Side comment: I also checked Pixel/GrapheneOS phones, after default installation everything seems to be good. I could not detect any deviations (I expected a Pegasus injection). However, after installing additional software things looked OK, but phone started to report WiFi errors when it tried to connect to hotspots without me activating this. This indicates that the WiFi-chip of some reason tries to connect automatically to specific hotspots.

/u/xero 📢

1 points

3 months ago

This is a big part of why I posted. I've been wanting to buy a pixel to use grapheneOS. But I'm paranoid about it actually being preloaded with spyware or it being used as is to collect data from anyone trying to be more private.

/u/Wrench10_

1 points

3 months ago

If you're not Osama Bill Aden, or in possession of nuclear weapon activation codes, relax the state isn't going to blow millions investigating you, hahaha.

So don't worry.

/u/asfaleia ⚔️ασφάλεια⚔️

1 points

3 months ago

With proper training and routine you can vastly minimize the impact of such attempts. First of all, don't be spotted, discovered, observed. This is what the OpSec is for.

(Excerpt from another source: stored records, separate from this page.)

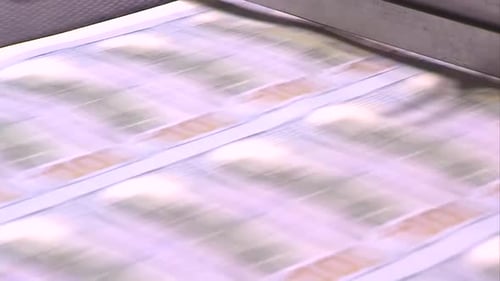SHEETS OF 100 DOLLAR BILLS AT THE PRINTING PRESS
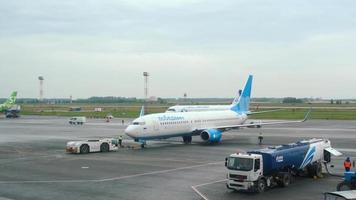 NOVOSIBIRSK, RUSSIAN FEDERATION JULY 24, 2021 - Tractor towing plane Pobeda Airlines on the runway at Tolmachevo airport. Tourism and travel concept, air flight. video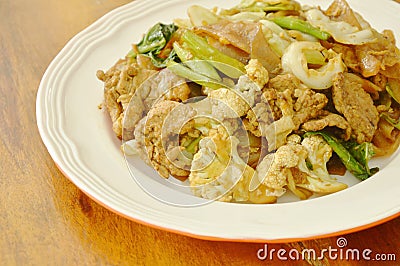 Fried large rice noodles with pork and vegetable in black soy sauce on plate Stock Photo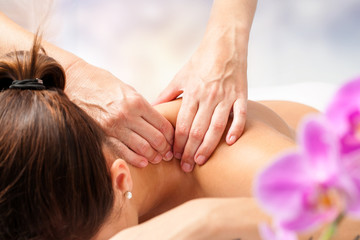 Detail of hands massaging female neck.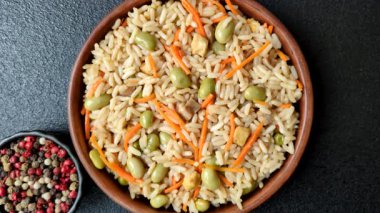 Pirinç, edamame, havuç, tofu ve baharatlı Asya yemekleri. Edamame ve havuçlu pilav tasarımınız için gıda arka planında.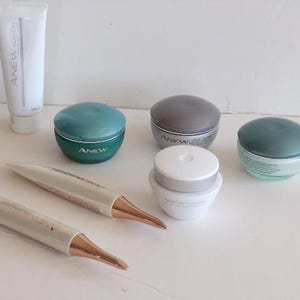 Könnte beinhalten: Eine Auswahl an Hautpflegeprodukten, darunter Tuben und Tiegel. Die Produkte sind weiß, türkis und grau, mit goldfarbenen Akzenten. Der Markenname "ANEW CLINICAL" ist auf einer Tube sichtbar.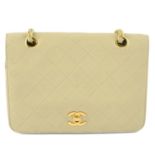 CHANEL - a nude vintage single flap handbag.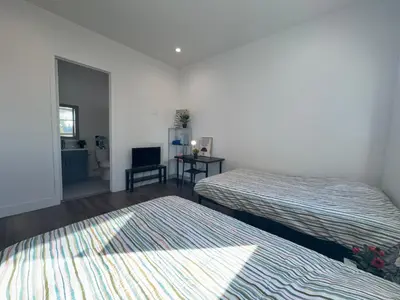 a room with two beds and a television in it at Blue Stay Walk to BMO Stadium and USC in Los Angeles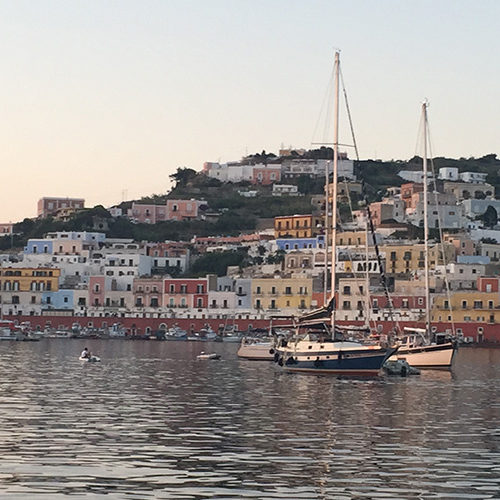 Barche a vela davanti alle case colorate del porto di Ponza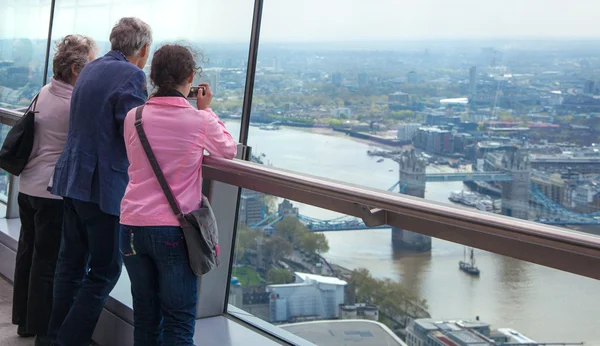 LONDON, UK - APRIL 22, 2015: People looking at the London\'s skyline. Viewing platform of Walkie-Talkie building. Locates on 32 floor and offering amazing view of the city.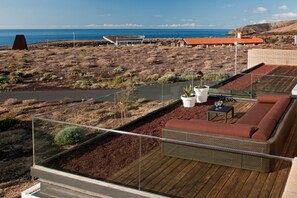 Une terrasse sur le toit avec une plateforme en bois, un espace salon avec des coussins et une vue sur l’océan.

On the digital side, have the IME disabled, rice the HW and get rid of mics and cameras, use properly riced Qubes and use it wisely.

/u/xero 📢

1 points

2 months ago

How do you disable it? I noticed some comments on here say it doesn't actually disable either.

/u/asfaleia ⚔️ασφάλεια⚔️

1 points

2 months ago

You open the laptop and directly wire the CPU with clips to an another secure laptop and disable it from there. Your CPU and motherboard architecture must allow this. It cannot be done on every CPU of course.